Movie Review: The Corporate Ladder Summary: 5 Stars
This is a very funny movie, well written and acted. It's a hilarious view of how some people move up in a big corporation. We bought the VHS years ago and wore it out! The DVD version is even better.
Movie Review: Still funny after more than 20 years Summary: 4 Stars
Great cast here--Danny de Vito, Rick Moranis, Wallace Shawn, Judge Rheinhold, Jane Seymour, Eddie Albert, Brian Doyle-Murray, George Coe, Richard Masur, Don Novello. This is a corporate satire from 1985 that still has great chops, thanks to writer-director Ken Finkleman. Here we have Inc. International, a giant mega-corporation that makes everything from, as CEO and pitchman Eddie Albert says in the opening piece, creamy peanut butter to nuclear warheads.
Sex and power figure largely here, as do politics, greed, and all that fun stuff. There are not one, not two, but THREE--yes, folks, count 'em, THREE--nervous wrecks, personified by Rick Moranis, Wallace Shawn, and Danny DeVito (you can tell he just recently lost some hair). Well, that's about accurate--corporate life can make you a nervous wreck if you're a middle level exec, not sure if you're on your way up, down, or foever stuck in your current spot.
Our hero, as it were, played by Judge Rheinhold (is that the right spelling of the guy's name? I never did find out for sure) who's the son of US Senator Something-or-Other, played by George Coe and who winds up at Inc. International cause CEO Eddie wants Judge in the company, the better to influence Senator George to do what he wants. Yep, Eddie is no dope.
Now it could be that this sounds kind of corny or cliched but Mr. Finkleman is too sharp to let that happen. There's more than enough razor-edge dialogue to make it so. This is a heck of a lot of fun to watch; it's a hoot to see Rick Moranis talk a mile a minute as he races up his blood pressure to a level that ultimately changes the population of the world, if you get my drift.

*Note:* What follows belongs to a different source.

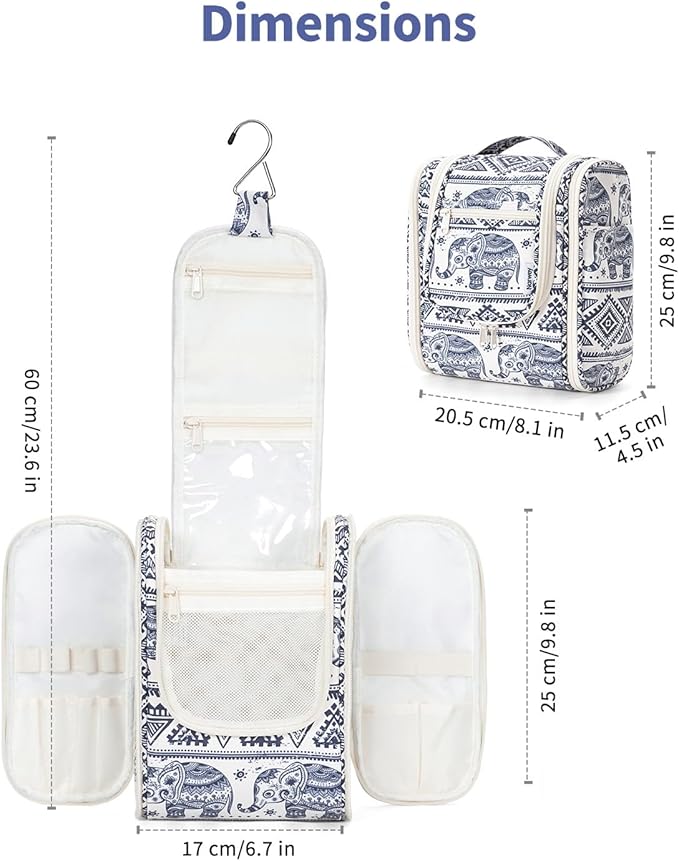 Narwey Small Hanging Toiletry Bag Women Travel Makeup Bag Organizer Toiletries - Image 5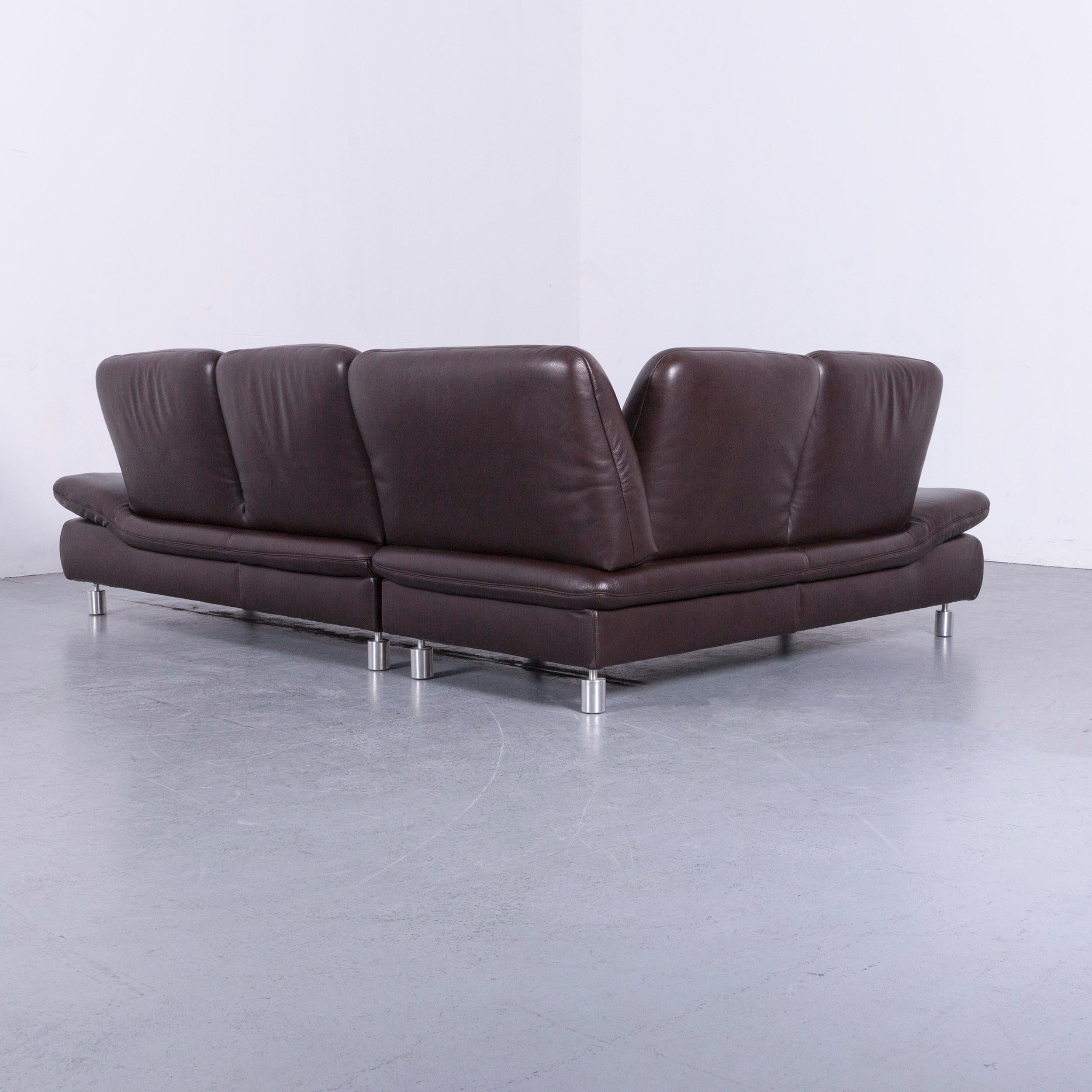 Koinor Rivoli Designer Leather Corner Sofa in Brown with Functions 4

Big dollops of black humor fit snugly into the groove here right alongside a love story in the overall context of a nice edgy satire. It's Judge's story but there's enough side-splitting stuff provided by a whole lot of other characters to make this nifty and funny from head to toe--Don Novello as the limo driver who always misses exits; Jane Seymour as the hyperkinetic sexpot exec whose appetite is unlimited; Richard Masur as the smooth-talking corporate guy who always keeps his job (unlike so many others) basically because a) he knows the rules inside and out and recites them to Judge, and b) because basically while following the rules he doesn't give a flying fork about much of anything.
Well, you get the idea. Hey, I can think of a lot worse ways to spend an hour and a half. Groovy stuff.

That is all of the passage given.